De vorderingen van [eiser] dat er door verjaring een erfdienstbaarheid is ontstaan en om [gedaagde] te bevelen mee te werken aan vestiging daarvan zullen worden afgewezen.
Het hekwerk hoeft niet te worden verwijderd
2.24.
[eiser] vordert dat [gedaagde] wordt veroordeeld om het hekwerk (zie
foto 1) te verwijderen. [eiser] stelt dat het hekwerk onrechtmatig is geplaatst en er daardoor geen gebruik meer gemaakt kan worden van de parkeerplaatsen naast zijn pand. Deze vordering zal worden afgewezen. Het hekwerk staat op het perceel van [gedaagde] en er is geen erfdienstbaarheid op het perceel van [gedaagde] om de parkeerplaatsen te bereiken gevestigd of ontstaan. Er bestaat geen rechtsgrond om [gedaagde] te veroordelen het hekwerk te verwijderen.
Proceskosten
2.25.
Omdat beide partijen gedeeltelijk ongelijk krijgen, zullen de proceskosten tussen hen worden gecompenseerd, in die zin dat iedere partij de eigen kosten draagt. De vordering van [gedaagde] tot een volledige proceskostenveroordeling hoeft daarom niet besproken te worden.
Uitvoerbaar bij voorraad
2.26.
[eiser] vordert dat de veroordeling in dit vonnis uitvoerbaar bij voorraad wordt verklaard. Een verklaring voor recht is naar zijn aard niet vatbaar voor tenuitvoerlegging en kan daarom niet uitvoerbaar bij voorraad worden verklaard (zie ECLI:NL:HR:2010:BO1815). De vordering van [eiser] tot uitvoerbaar bij voorraadverklaring zal daarom voor dat gedeelte worden afgewezen en voor het overige worden toegewezen.

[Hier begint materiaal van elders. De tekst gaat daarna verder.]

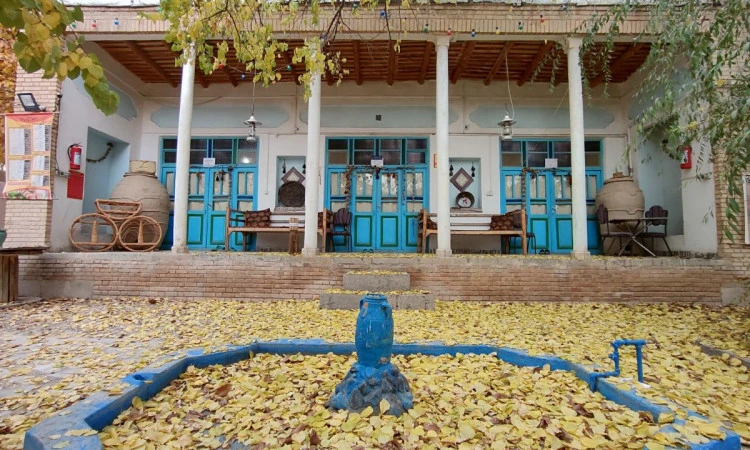 سرای کربلایی فریدون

Geen beslissing in voorwaardelijke reconventie
2.27.
De door [eiser] gevorderde verklaring voor recht dat er door verjaring een recht van erfdienstbaarheid is ontstaan wordt in conventie afgewezen. De voorwaarde die [gedaagde] aan haar tegenvordering heeft verbonden, is daarmee niet vervuld. De rechtbank komt daarom niet toe aan de beoordeling van de tegenvordering van [gedaagde] .

3.De beslissing

De rechtbank
3.1.
verklaart voor recht dat [eiser] door verjaring eigenaar is geworden van de strook grond gelegen op het perceel van [gedaagde] (kadastraal bekend onder nummer
[nummer] )die door de huurders van [eiser] wordt gebruikt als tuin en begrensd wordt door de heg en dat de erfgrens voor dit gedeelte loopt als overwogen in r.o. 2.17.,
3.2.
veroordeelt [gedaagde] tot medewerking aan het wijzigen van de kadastrale grenzen in de registers overeenkomstig r.o. 3.1. en 2.17.,
3.3.
compenseert de kosten van de procedure tussen partijen, in die zin dat iedere partij de eigen kosten draagt,
3.4.
verklaart dit vonnis voor wat betreft de onder 3.2. uitgesproken veroordeling uitvoerbaar bij voorraad,
3.5.
wijst het meer of anders gevorderde af.
Dit vonnis is gewezen door mr. M.R. van der Vos en in het openbaar uitgesproken op 19 februari 2025.